In it, underdog, Fred Underwood, goes up against an array of self- serving fat cats, all loaded with dough, all full of politicking blather. Poor Fred, fired, broke, and horny, takes out a lot at McDonald’s and hangs out drinking a lot at the neighborhood bar. There he ogles and is indulged by the sympathetic bartender, Zoe, with whom he hatches a moneymaking scheme. Certain of ultimately losing, Fred proposes that he and Zoe run against each other for political office, cash in on campaign contributions, and split the coffers.
The trouble is their bid backfires and Fred, to his dismay and disappointment, winds up a legislator-- a winner, for the first time in his life.

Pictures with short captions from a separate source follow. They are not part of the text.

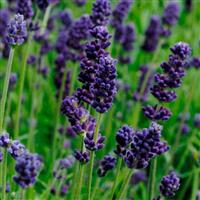 Lavandula Lavance Deep Purple Bloom
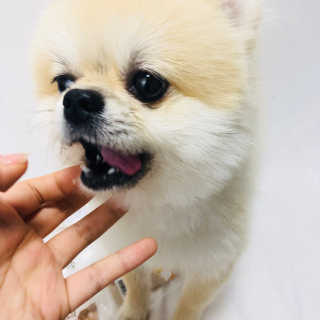 펫츠플레이트 동결건조간식 기호성 테스트 8종 — 5점을 준 리뷰어가 2018년 5월 올린 사용 사진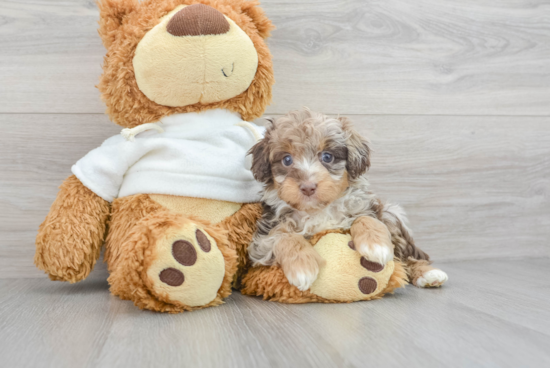 Mini Aussiedoodle Pup Being Cute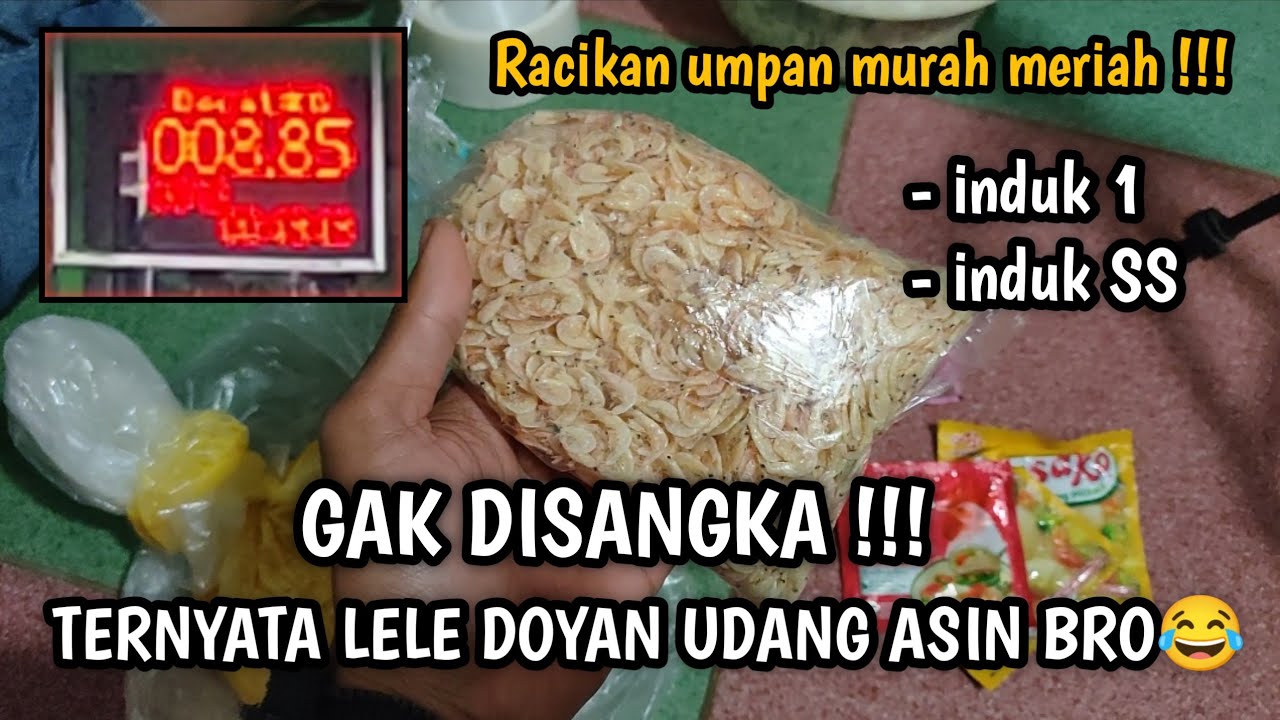 RACIKAN UMPAN UDANG PANLOR EMANG YAHUUD !!!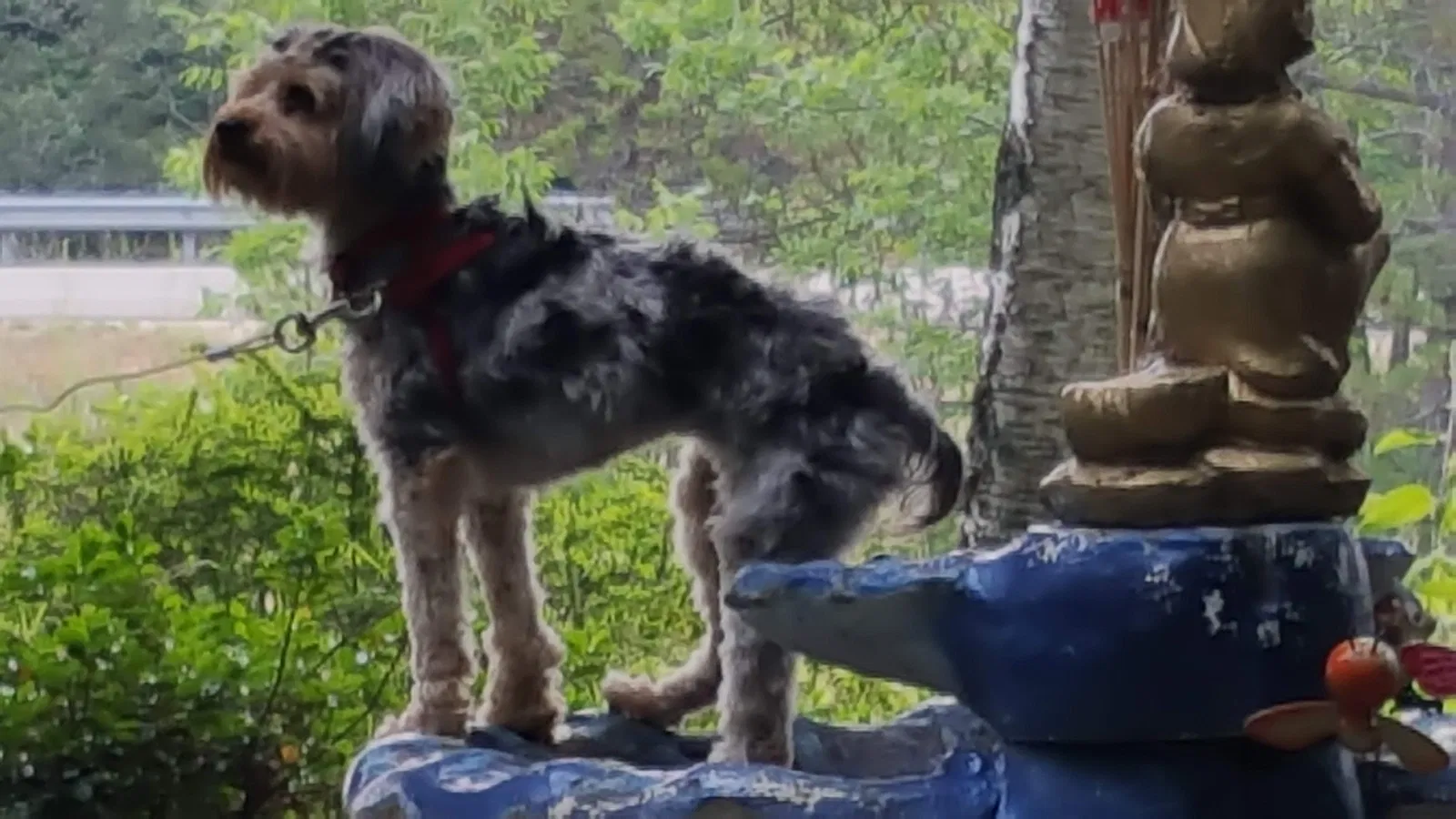 Lost dog in Wixom, MI, 48393
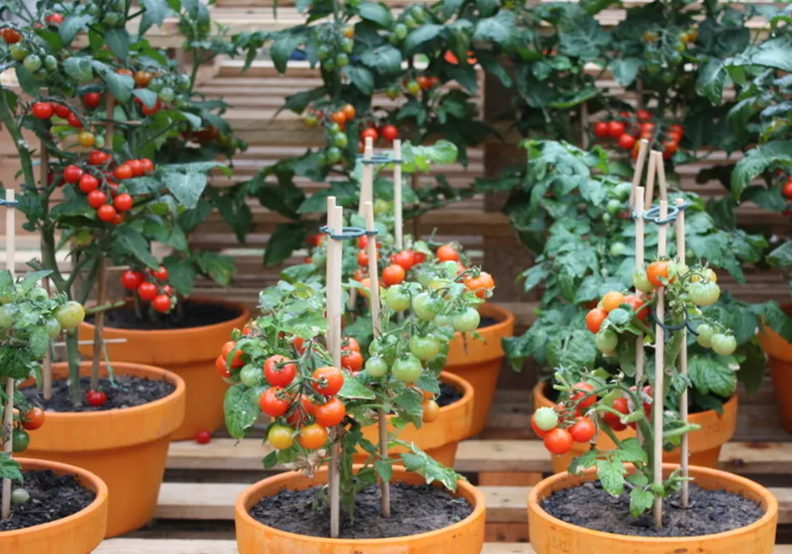 一加仑的花盆可以种番茄吗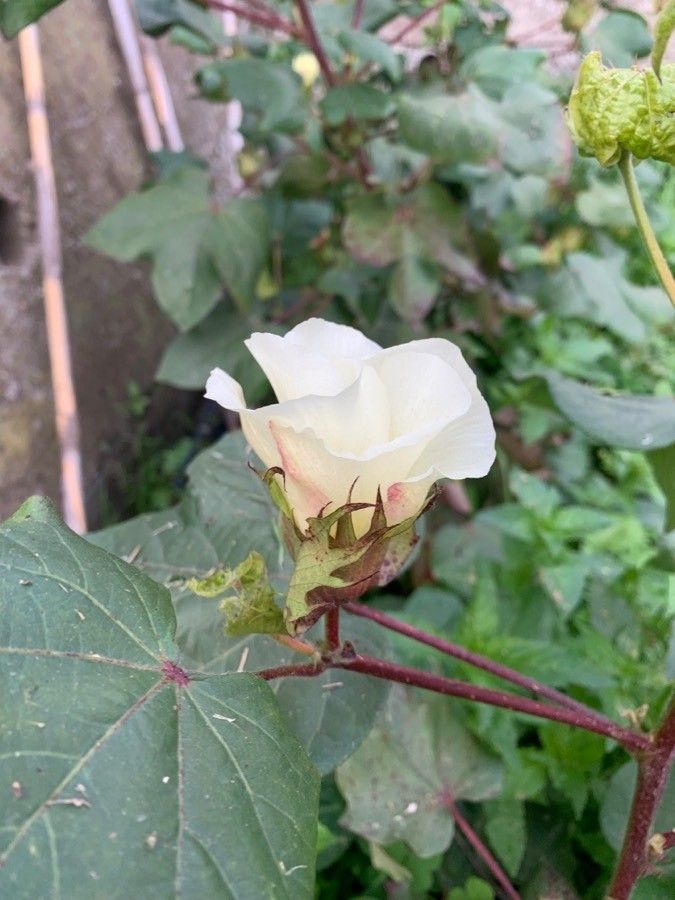 Gossypium hirsutum flower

In a couple of hilarious misadventures he, furthermore, manages not only to do some social good but to puncture a few of the overblown right wingers in power.
The corrupt offices of state, however, are no life for the essentially decent and likable Fred. Better to take his money and run--to Zoe and her son, Jeremy, a skateboarder and gamer, whose own equally funny story, connects crucially to Fred’s.
If the book becomes a screenplay, and it should, any number of actors will be drawn to these engaging characters. And Hollywood had better not change the title. “Spill” is an ingenious trope for the ailments of our society.